Kapitel Neunzehn: Verrat
F A I T H
Kennt ihr das Gefühl, wenn die Zeit um euch still steht? Die Welt bleibt stehen, alles in meiner Umgebung schwindet und verwandelt sich einen unangenehmen Nebel. Es ist, als würde alles um mich herum keine Bedeutung mehr haben, da nur mein Gegenüber wichtig ist. Die Luft wird stickig, erschwert mir das atmen, sodass ich immer wieder versuche Luft zu holen. Mein Herz hämmert stark gegen meine Brust und ich bekomme langsam Angst, dass es bald vor dem Menschen, der mir die Welt bedeutet, auf dem Boden liegt. Blutend und voller Risse, die nicht heilen wollen.
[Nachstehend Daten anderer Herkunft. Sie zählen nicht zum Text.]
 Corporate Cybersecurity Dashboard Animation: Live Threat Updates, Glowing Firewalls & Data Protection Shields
Egal, wie sehr ich es versuche.
Die einzige Person, die es wieder zusammenflicken kann, steht vor mir und schenkt mir einen Blick, der alles in mir zu Eis gefriert. Heath sieht mich mit erhobenen Augenbrauen an. Eine Menge Wut kann ich in seinem Gesicht erkennen, die ich absolut verdient habe. Auch wenn ich meinen Blick am liebsten abwenden will, kann ich es nicht tun. Stocksteif stehe ich vor ihm, sehe ihn an, während mir mein Verstand versucht einzureden, die Flucht zu ergreifen. Nur will mein Körper keine Befehle annehmen. Egal, wie ich mich anstrenge, es funktioniert nicht. Ich bin viel zu schockiert darüber, dass er unser Gespräch belauscht hat, welches nicht für seine Ohren bestimmt ist.
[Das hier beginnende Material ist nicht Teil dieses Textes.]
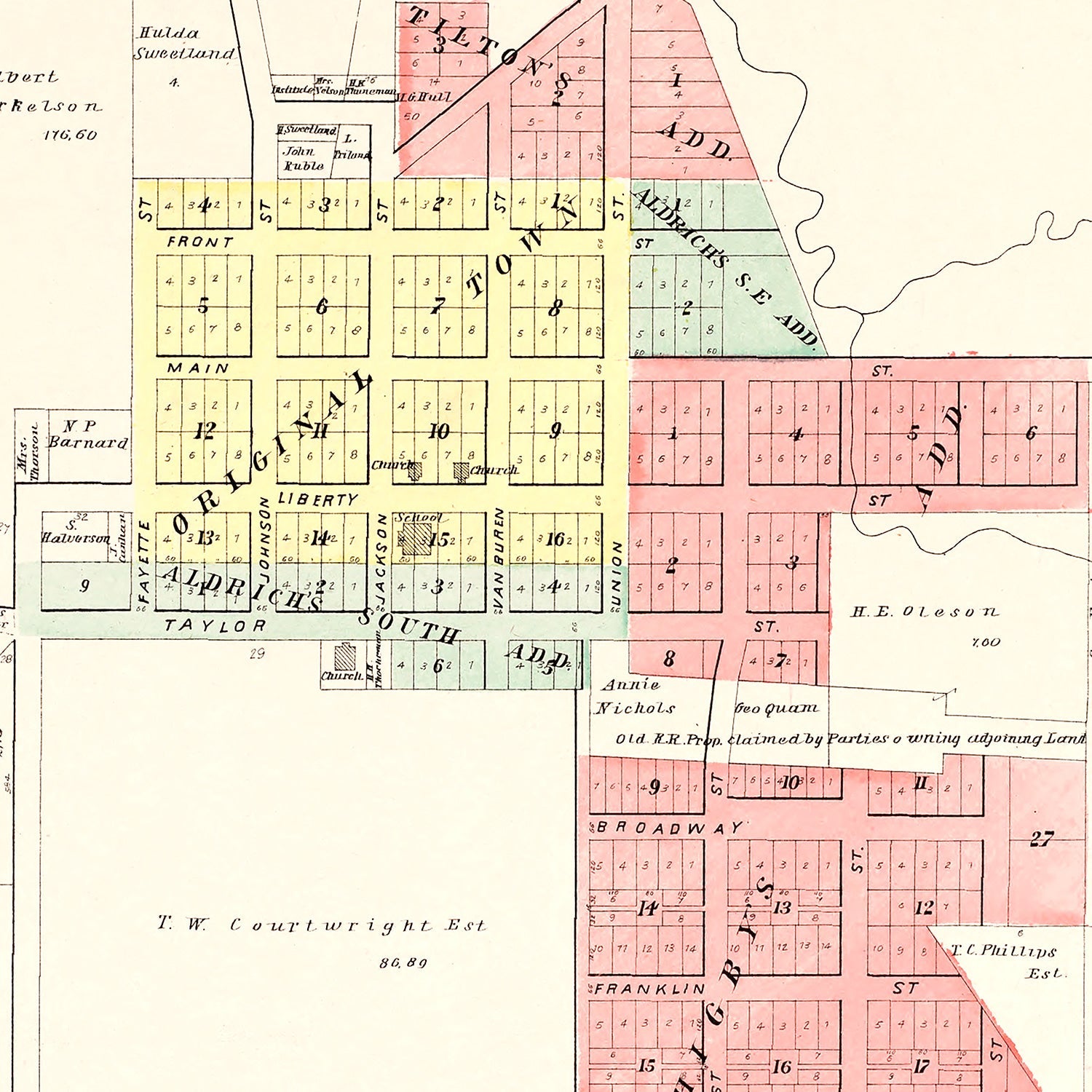 Vintage Map of Newark, Illinois 1903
»Ich habe nicht ewig Zeit. Wer von euch macht endlich das verdammte Maul auf?«
Seine Stimme ist tief und leise, jedoch verfehlt sie nicht ihre Wirkung. Er hört sich bedrohlich an, scharf wie eine Messerklinge, die mich jederzeit treffen könnte. Ein kalter Schauer nach dem anderen läuft mir den Rücken hinunter. Noch nie hat er so mit mir gesprochen und auch wenn ich die Drohung raushören kann, versagt meine Stimme.
Mein Mund steht offen, will eine Entschuldigung rausschreien, ihn um Vergebung bitten und doch bleibe ich stumm. Ich habe Angst, es noch schlimmer zu machen und etwas Falsches zu sagen, dass ihn noch mehr zur Weißglut treiben wird. Er ist bereits verletzt und ich will nicht noch mehr Salz in die Wunde streuen. Das hätte er nicht verdient. Deswegen warte ich ängstlich auf seine Schimpftirade, die jedoch nicht kommt.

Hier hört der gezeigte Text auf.